South Korea and North Korea: Unified For The Olympics? [VIDEO]

South Korea and North Korea: Unified For The Olympics? [VIDEO]

South Korea and North Korea: Unified For The Olympics? [VIDEO]

Well, this is a plot twist in Korean unification talks that is certainly unexpected. South Korean officials have announced that the two Korean nations will be marching under one unified flag at the Olympic Games opening ceremonies. AND they will be forming a joint team for women’s ice hockey as well.


Now, this entire exercise in sports and diplomacy still has to be approved by the International Olympic Committee.

The rival Koreas agreed Wednesday to form their first unified Olympic team and have their athletes parade together for the first time in 11 years during the opening ceremony of next month’s Winter Olympics in South Korea, officials said.

The agreements still require approval from the International Olympic Committee. But they are the most prominent steps toward rapprochement achieved by the Koreas since they recently began exploring cooperation during the Olympics following a year of heightened tension over the North’s nuclear weapons program.

During their third day of talks at the border in about a week, senior officials reached a package of agreements including fielding a joint women’s ice hockey team and marching together under a blue and white “unification flag” depicting their peninsula in the opening ceremony, Seoul’s Unification Ministry said.

A joint statement distributed by the ministry said the North Korean Olympic delegation will travel to South Korea across their heavily fortified land border before the Feb. 9-25 Pyeongchang Games. It said the delegation will include a 230-member cheering group, a 30-member taekwondo demonstration team, journalists, athletes and officials.

The “unification flag” is pretty simple – it’s a picture of the Korean peninsula in blue, on a white flag.

(photo: AFP)
North Korea had previously said that they would participate in the Olympics, and were working out details with the IOC.


The gesture of marching under one flag is unprecedented, but fielding a team together has actually happened before. The unification flag was created for that purpose.

The two Koreas have sent joint teams to major international sports events twice previously, both in 1991. One event was the world table tennis championships in Chiba, Japan, where the women’s team won the championship by beating the powerful Chinese, and the other was soccer’s World Youth Championship in Portugal, where the Korean team reached the quarterfinals.

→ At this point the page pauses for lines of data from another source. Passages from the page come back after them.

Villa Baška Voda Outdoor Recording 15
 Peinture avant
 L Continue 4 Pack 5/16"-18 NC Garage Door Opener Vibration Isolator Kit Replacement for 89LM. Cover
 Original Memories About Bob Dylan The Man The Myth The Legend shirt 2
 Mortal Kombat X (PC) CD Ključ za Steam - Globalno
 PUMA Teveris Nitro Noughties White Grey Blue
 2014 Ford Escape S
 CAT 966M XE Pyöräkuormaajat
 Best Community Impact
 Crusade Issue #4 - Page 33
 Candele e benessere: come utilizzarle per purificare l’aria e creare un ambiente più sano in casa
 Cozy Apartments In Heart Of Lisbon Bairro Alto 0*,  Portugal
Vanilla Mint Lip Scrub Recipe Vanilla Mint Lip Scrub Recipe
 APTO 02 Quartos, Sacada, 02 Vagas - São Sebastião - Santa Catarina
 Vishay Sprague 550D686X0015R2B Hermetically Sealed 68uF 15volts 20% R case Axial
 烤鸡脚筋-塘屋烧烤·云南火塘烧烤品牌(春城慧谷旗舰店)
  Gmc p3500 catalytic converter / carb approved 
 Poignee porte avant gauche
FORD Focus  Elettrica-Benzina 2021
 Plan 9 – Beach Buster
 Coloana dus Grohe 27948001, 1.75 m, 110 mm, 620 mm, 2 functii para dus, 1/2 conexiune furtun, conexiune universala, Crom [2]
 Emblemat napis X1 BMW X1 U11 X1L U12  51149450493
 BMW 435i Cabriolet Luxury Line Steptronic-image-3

Is Korean reconciliation a good thing? YES, so long as Kim Jong-un doesn’t end up as dictator-for-life over the entire peninsula. But I have a feeling that is a conversation that the two countries aren’t even having at the moment. Opening up North Korea and allowing freedom of movement (including the reunification of families) would be more than most Koreans could hope for. If Kim Jong-un has eaten his Wheaties and is in a good mood, let’s seize the moment and show the North Korean athletes who can participate in the Olympics that there is an entire world outside of their dictator’s bubble of a country. Even if it is only the reported 10 athletes who compete, the extent of the delegation accompanying them will certainly have their eyes opened.

If the Olympics can actually accomplish some diplomatic good at the PyeongChang games, that would be more valuable than any gold medal.